## WORK TASK
Repeat every entry exactly. Leave nothing out.

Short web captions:
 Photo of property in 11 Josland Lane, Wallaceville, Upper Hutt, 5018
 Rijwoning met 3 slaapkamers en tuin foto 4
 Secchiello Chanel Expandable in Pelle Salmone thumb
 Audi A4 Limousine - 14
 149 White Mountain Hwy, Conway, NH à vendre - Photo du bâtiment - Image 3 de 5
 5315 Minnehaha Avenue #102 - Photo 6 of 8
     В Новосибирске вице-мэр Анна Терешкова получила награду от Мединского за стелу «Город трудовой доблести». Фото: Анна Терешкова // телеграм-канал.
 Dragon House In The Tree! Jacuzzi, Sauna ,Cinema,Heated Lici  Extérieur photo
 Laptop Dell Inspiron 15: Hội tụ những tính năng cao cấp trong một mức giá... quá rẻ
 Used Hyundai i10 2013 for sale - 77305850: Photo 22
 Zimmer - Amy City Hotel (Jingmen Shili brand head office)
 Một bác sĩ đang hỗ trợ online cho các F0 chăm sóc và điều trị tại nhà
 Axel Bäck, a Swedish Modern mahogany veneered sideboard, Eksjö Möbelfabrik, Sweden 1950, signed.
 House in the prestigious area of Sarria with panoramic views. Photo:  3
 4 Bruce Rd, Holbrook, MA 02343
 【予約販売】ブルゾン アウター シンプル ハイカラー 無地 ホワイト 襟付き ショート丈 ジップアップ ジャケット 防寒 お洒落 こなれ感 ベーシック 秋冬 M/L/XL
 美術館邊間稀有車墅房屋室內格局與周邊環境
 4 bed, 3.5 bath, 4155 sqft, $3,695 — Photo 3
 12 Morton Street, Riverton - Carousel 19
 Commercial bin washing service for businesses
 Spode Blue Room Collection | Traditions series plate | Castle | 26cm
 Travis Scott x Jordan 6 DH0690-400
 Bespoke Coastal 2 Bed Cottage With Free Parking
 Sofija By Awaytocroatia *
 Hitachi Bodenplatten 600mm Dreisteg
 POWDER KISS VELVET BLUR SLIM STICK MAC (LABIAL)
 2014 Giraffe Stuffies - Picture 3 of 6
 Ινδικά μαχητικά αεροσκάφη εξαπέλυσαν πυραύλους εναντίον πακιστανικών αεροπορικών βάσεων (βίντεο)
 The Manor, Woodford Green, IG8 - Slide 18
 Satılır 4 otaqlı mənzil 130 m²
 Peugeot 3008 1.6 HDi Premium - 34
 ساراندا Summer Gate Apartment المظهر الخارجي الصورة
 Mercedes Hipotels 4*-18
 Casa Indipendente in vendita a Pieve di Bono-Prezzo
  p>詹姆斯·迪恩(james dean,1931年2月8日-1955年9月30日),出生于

## REPLY
 Photo of property in 11 Josland Lane, Wallaceville, Upper Hutt, 5018
 Rijwoning met 3 slaapkamers en tuin foto 4
 Secchiello Chanel Expandable in Pelle Salmone thumb
 Audi A4 Limousine - 14
 149 White Mountain Hwy, Conway, NH à vendre - Photo du bâtiment - Image 3 de 5
 5315 Minnehaha Avenue #102 - Photo 6 of 8
     В Новосибирске вице-мэр Анна Терешкова получила награду от Мединского за стелу «Город трудовой доблести». Фото: Анна Терешкова // телеграм-канал.
 Dragon House In The Tree! Jacuzzi, Sauna ,Cinema,Heated Lici  Extérieur photo
 Laptop Dell Inspiron 15: Hội tụ những tính năng cao cấp trong một mức giá... quá rẻ
 Used Hyundai i10 2013 for sale - 77305850: Photo 22
 Zimmer - Amy City Hotel (Jingmen Shili brand head office)
 Một bác sĩ đang hỗ trợ online cho các F0 chăm sóc và điều trị tại nhà
 Axel Bäck, a Swedish Modern mahogany veneered sideboard, Eksjö Möbelfabrik, Sweden 1950, signed.
 House in the prestigious area of Sarria with panoramic views. Photo:  3
 4 Bruce Rd, Holbrook, MA 02343
 【予約販売】ブルゾン アウター シンプル ハイカラー 無地 ホワイト 襟付き ショート丈 ジップアップ ジャケット 防寒 お洒落 こなれ感 ベーシック 秋冬 M/L/XL
 美術館邊間稀有車墅房屋室內格局與周邊環境
 4 bed, 3.5 bath, 4155 sqft, $3,695 — Photo 3
 12 Morton Street, Riverton - Carousel 19
 Commercial bin washing service for businesses
 Spode Blue Room Collection | Traditions series plate | Castle | 26cm
 Travis Scott x Jordan 6 DH0690-400
 Bespoke Coastal 2 Bed Cottage With Free Parking
 Sofija By Awaytocroatia *
 Hitachi Bodenplatten 600mm Dreisteg
 POWDER KISS VELVET BLUR SLIM STICK MAC (LABIAL)
 2014 Giraffe Stuffies - Picture 3 of 6
 Ινδικά μαχητικά αεροσκάφη εξαπέλυσαν πυραύλους εναντίον πακιστανικών αεροπορικών βάσεων (βίντεο)
 The Manor, Woodford Green, IG8 - Slide 18
 Satılır 4 otaqlı mənzil 130 m²
 Peugeot 3008 1.6 HDi Premium - 34
 ساراندا Summer Gate Apartment المظهر الخارجي الصورة
 Mercedes Hipotels 4*-18
 Casa Indipendente in vendita a Pieve di Bono-Prezzo
  p>詹姆斯·迪恩(james dean,1931年2月8日-1955年9月30日),出生于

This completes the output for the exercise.